Losses and Metrics

This post will cover the most common and useful deep learning loss functions and metrics.

Losses are functions that guide a model's optimization. Metrics are human interpretable measures that indicate how well a model is performing. Feel free to skip to specific sections:

Losses:

Mean Squared Error (MSE)
Cross-Entropy Loss (CE)
Kullback-Leibler (KL) Divergence

Loss Functions

Mean Squared Error (MSE)

Used for: Regression

Definition: Mean squared error is the mean of the squared error. That is, for every example, get the difference of the target and the prediction, square this difference, add these values together and divide by the number of examples: \[MSE = \frac{1}{n}\sum_{i=1}^{n}(y_i - \hat{y}_i)^2\] MSE gives more weight to larger differences due to squaring.

Cross-Entropy Loss (CE)

Used for: Classification

Definition: Cross-entropy loss is the loss obtained by taking the negative log of the probability corresponding to the target label, summing this up for all examples, and then dividing by the number of examples: \[CE = -\frac{1} {n} \sum_{i=1}^{n} \sum_{c=1}^{C} y_{i,c} * log(\hat{p}_{i, c})\] Here \(C\) is the number of classes. \(\hat{p}_{i,c}\) is the predicted probability for class \(c\) of example \(i\), and \(y_{i,c}\) is the target probability (typically 0 or 1) that example \(i\) belongs to class \(c\). For a given \(i\), typically only a single \(y_{i,c}\) will be nonzero. This has the effect of ignoring all output probabilities aside from the one that corresponds to the target class. Note that there are some cases where the target probability is soft (i.e., not just 0 or 1). One example is when training a student model to match a teacher model.
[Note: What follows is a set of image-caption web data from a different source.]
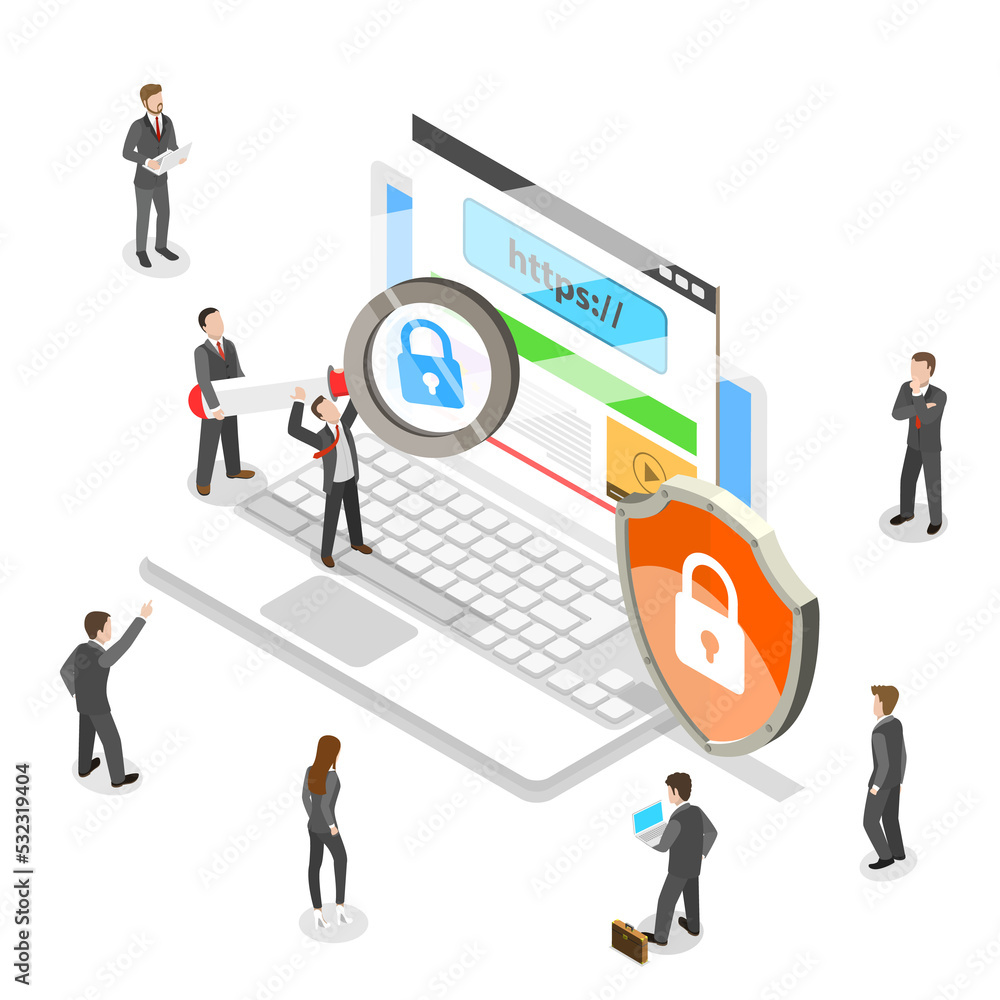 Poster secure web search flat isometric .
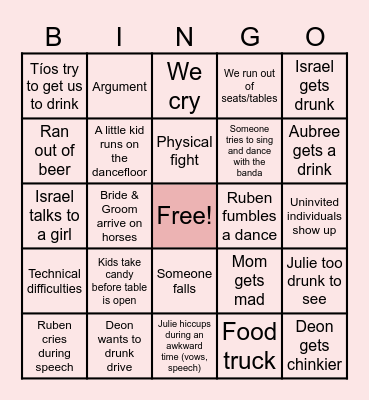 Ruben's Wedding Bingo Card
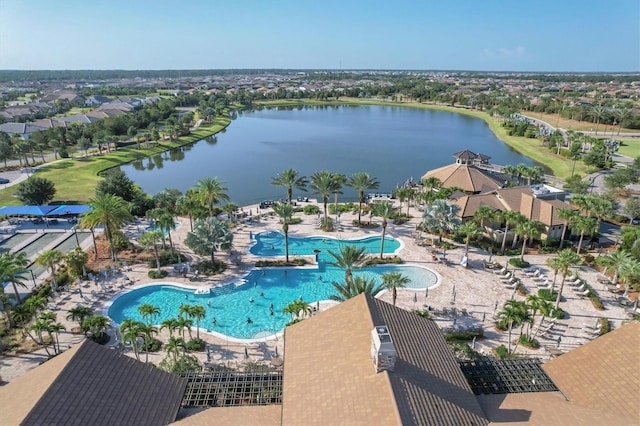 drone / aerial view with a water view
Cross entropy loss can be used for both binary and multiclass classification. When used for binary classification with a single output value, it's common to see it written as follows (often referred to as binary cross entropy loss, BCE): \[BCE = -\frac{1} {n} \sum_{i=1}^{n} y_{i} * log(\hat{p_i}) + (1 - y_{i}) * log(1 - \hat{p_i})\] This is saying, "When the label is 0, take the negative log of one minus the prediction. When the label is one, take the negative log of the prediction." It can also be used in the case where multiple classes appear in a single example. In this case, each potential class would have its own probability ranging from 0 to 1, and the BCE loss would be calculated for each class and averaged (over all classes and examples) to get a single loss value.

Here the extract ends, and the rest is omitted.